At this point it is useful to to quote at some length the comments of one learned scholar, going by the monicker "AmbroseSJ", who very well summed up (in a Forum of the excellent WWW site, Catholic Answers) the source of the variants which occur in various editions of the Douay-Rheims-Challoner Version as follows: "Bishop Challoner himself, produced 3 major variations of his N.T. The one of 1749, 1750, and 1752. The one in 1752 was rather a comprehensive redraft. The O.T. of 1750 always remained largely unrevised by Challoner, or later editors. The 1752 edition of the N.T. was extremely popular in the late 18th century, was often reprinted, and was used as a basis by some other "editors" that made further changes or revisions. After 1800, the 1749 edition was ascendant, and was either reprinted, or used as the basis for new editors.
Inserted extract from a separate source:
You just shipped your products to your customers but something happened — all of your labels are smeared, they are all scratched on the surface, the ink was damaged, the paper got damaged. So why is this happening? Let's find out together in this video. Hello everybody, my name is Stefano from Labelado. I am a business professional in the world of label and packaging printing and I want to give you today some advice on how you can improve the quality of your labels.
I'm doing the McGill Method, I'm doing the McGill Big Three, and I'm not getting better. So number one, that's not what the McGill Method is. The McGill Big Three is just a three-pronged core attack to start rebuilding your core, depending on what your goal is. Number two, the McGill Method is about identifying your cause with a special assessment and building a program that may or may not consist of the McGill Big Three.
So that by the end of the 19th century, there is a very complex history of the Challoner Bible with its various lineages."
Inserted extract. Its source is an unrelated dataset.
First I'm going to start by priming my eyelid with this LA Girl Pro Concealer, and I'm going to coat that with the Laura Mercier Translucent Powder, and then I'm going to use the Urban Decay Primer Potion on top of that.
So, long live the Douay-Rheims-Challoner Version of the Holy Bible in all of its glory, whatever one thinks of the relatively minor variants in which it has existed over the years! Despite what its detractors state, the Douay-Rheims-Challoner Version remains the best and most faithful, the most wholely and beautifully Catholic, of all Bibles in English. Long may the Authorised "King James" Version also endure, for its great fidelity and incomparable beauty!
These comments are not meant to denigrate the scope and content of with what David Ewert in his book deals, but rather to put emphasis on what really matters most for the average English-speaking Christian, namely, about which Bible version(s) to use as authoritative for his own study and understanding of Holy Scripture.
Review Jul 25, 2008
The book was in great condition just as it was stated. I received it much quicker than expected. Thanks
Wealth of information, interesting read Mar 10, 2004
This book is a great source of background info on the written Bible. Most interesting to me is the history of Bible translation (languages, scholars, manuscripts, influences). The author covers the history of writing/printing, formation of the Bible canon, theories of translation, and issues related to the scribes. Also included is commentary on the modern English translations. The author goes into enough depth to provide a basis of understanding and good reference, but the style allows it to be read straight through. Surprisingly, I found this book to be a page-turner!